Bisnis.com, JAKARTA – Menteri Perdagangan (Mendag) Budi Santoso mengatakan bahwa pemerintah Amerika Serikat (AS) turut menyoroti program swasembada pangan yang menjadi prioritas Presiden Prabowo Subianto.
Mendag mengatakan beberapa waktu lalu telah bertemu dengan Duta Besar Amerika Serikat (Dubes AS) guna membahas kebijakan Presiden AS Donald Trump.
Dalam pertemuan tersebut, Budi mengungkap bahwa Dubes AS memberikan kisi-kisi kebijakan Indonesia yang tengah ‘dipelototi’ oleh pemerintahan Trump, mengingat Indonesia merupakan salah satu negara penyumbang defisit perdagangan terbesar bagi AS.
“Itu mau dipelototin, biasanya yang dipelototin terkait kebijakan, ada nggak yang menghambat akses pasar dia masuk ke sini, termasuk juga tarifnya,” kata Budi ketika melakukan kunjungan ke Kantor Bisnis Indonesia, Jakarta, Selasa (25/3/2025).
Program swasembada pangan menjadi salah satu yang disorot oleh Dubes AS. Pasalnya, Budi mengungkap, ada perbedaan persepsi antara pemerintah AS dan Indonesia mengenai program tersebut.
Budi mengatakan, pemerintah AS menyimpulkan bahwa pemerintah Indonesia menutup keran impor semua komoditas pertanian melalui program swasembada pangan.
Baca Juga
Hal tersebut lantas langsung dibantah olehnya. Kepada Dubes AS, Budi menuturkan bahwa swasembada pangan yang dimaksud yakni Indonesia mampu memenuhi kebutuhan pangan dari produksi dalam negeri, bukan menutup keran impor produk pertanian.
Apalagi, kata Budi, terdapat sejumlah komoditas pertanian yang tampaknya tidak dapat mencapai swasembada, seperti anggur dan apel.
“Apel kan kita nggak sanggup. Jadi dia kira nggak boleh impor. Ini salah satu yang harus kita jelaskan, jangan sampai informasi yang salah sampai ke pimpinan dan mereka buat kebijakan yang kurang pas untuk Indonesia,” tutur Budi.
Untuk itu, pemerintah Indonesia telah menyiapkan berbagai upaya agar tidak terdampak kebijakan Trump.
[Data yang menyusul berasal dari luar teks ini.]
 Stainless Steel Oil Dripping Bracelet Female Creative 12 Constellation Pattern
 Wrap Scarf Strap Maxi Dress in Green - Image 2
Di antaranya, dialog strategis Indonesia-AS sebagai platform kerja sama ekonomi dan diplomasi perdagangan.
Selain itu, memperkuat komunikasi dan lobi strategis melalui utusan khusus, eksplorasi perjanjian dagang terbatas untuk pengurangan tarif dan penyelesaian isu non tarif yang menjadi kepentingan kedua negara.
Pemerintah juga berencana mereaktivasi dan memperbaharui Indonesia-US Trade and Investment Frame Agreement (Indonesia-US TIFA) yang dibentuk pada 1966, serta memperkuat kerja sama investasi di berbagai sektor strategis.